This is somewhat of an aside, but the fastest terminal emulator I've ever used is rxvt-unicode. I don't even know if it utilizes the GPU (doubt it), but damn is it snappy. Try it out if you're on GNU / Linux.
This nice study goes into nicely thought out detail to compare speed of emulators, I recommend it. Urxvt is not so blazing fast at latency, and it manages great scrolling speed by dropping content. (It's my current emulator of choice though !)
Does it drop it or simply not show it? Will scrolling back through history display the "dropped" content? If so I'm fine with that, it's annoying when you finally finish a task and pipe the results to a file just to find the bottleneck slowing you down was display refreshes.
No idea, I've never tried to install it on a MBP. When it comes to Apple hardware, I tend to stick to macOS. It's Unix enough for me and while I prefer something like awesomewm, I'm willing to accept the limitations of the desktop environment and go about my day.

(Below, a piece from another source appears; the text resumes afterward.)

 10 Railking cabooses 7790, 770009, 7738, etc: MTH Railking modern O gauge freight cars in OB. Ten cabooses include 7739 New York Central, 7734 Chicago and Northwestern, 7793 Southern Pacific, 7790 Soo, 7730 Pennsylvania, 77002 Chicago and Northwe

Linux desktop in 2018 is incredible though. On my desktop, I'm running an RX 580 on AMD's open source drivers and I can play modern Windows games at >= 60fps using WINE + dxvk. Steam is even officially supporting it now. Just wait 2-3 years and GNU / Linux will be the way to go.
I'm the same way in general, I prefer "past of least friction" for my OS and IDE and programming languages etc. I'm using Mac OS X right now. (They may have changed the OS's name by now.) But I also like new and shiny novelties. Sometimes it's nice to configure Arch Linux with dwm and all sorts of stuff like that.
Btw I'm big fan of your games, like Link to the Past! 16-bit era was best era.